- _Work instruction_
Would you print out all of the data exactly and keep the pictures out of it?

- _Raw data_
====

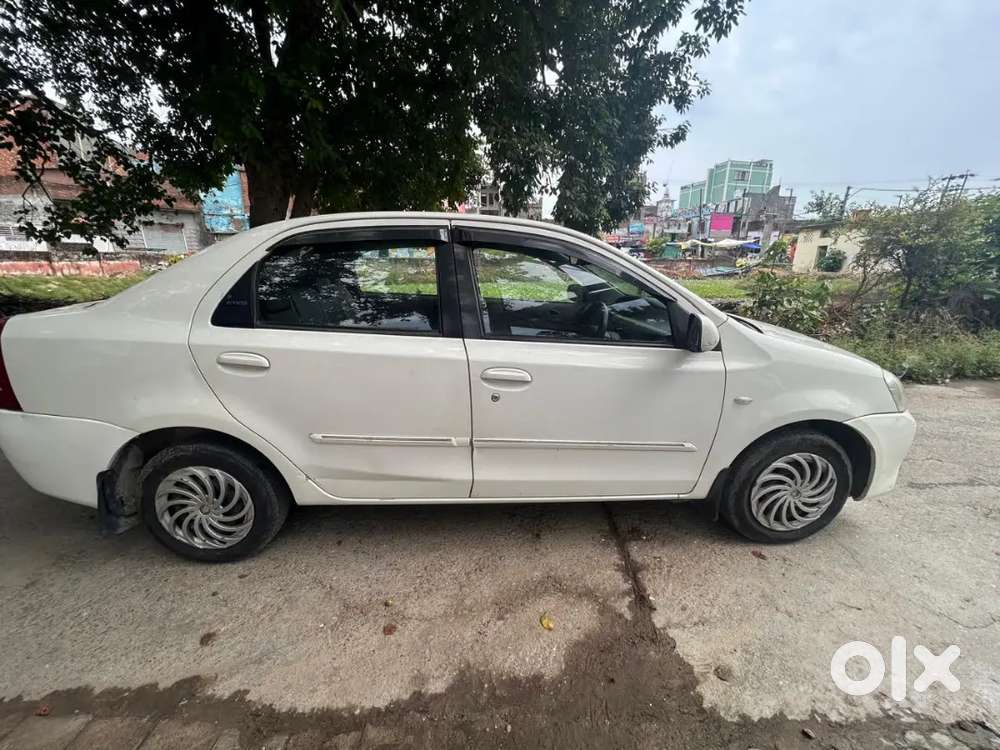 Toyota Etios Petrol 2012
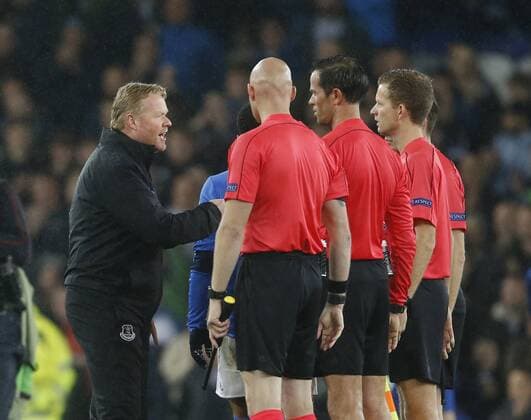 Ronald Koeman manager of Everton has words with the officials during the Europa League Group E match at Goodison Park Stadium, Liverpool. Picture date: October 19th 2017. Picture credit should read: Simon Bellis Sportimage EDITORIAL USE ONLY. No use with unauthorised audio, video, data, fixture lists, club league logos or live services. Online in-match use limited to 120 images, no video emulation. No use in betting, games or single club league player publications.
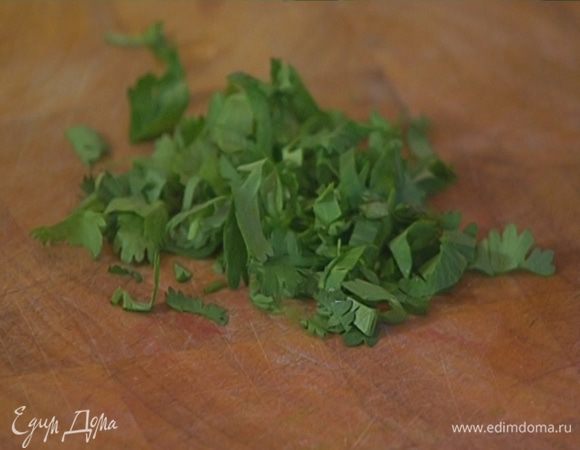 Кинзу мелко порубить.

====

- _Response to this task_
 Toyota Etios Petrol 2012
 Ronald Koeman manager of Everton has words with the officials during the Europa League Group E match at Goodison Park Stadium, Liverpool. Picture date: October 19th 2017. Picture credit should read: Simon Bellis Sportimage EDITORIAL USE ONLY. No use with unauthorised audio, video, data, fixture lists, club league logos or live services. Online in-match use limited to 120 images, no video emulation. No use in betting, games or single club league player publications.
 Кинзу мелко порубить.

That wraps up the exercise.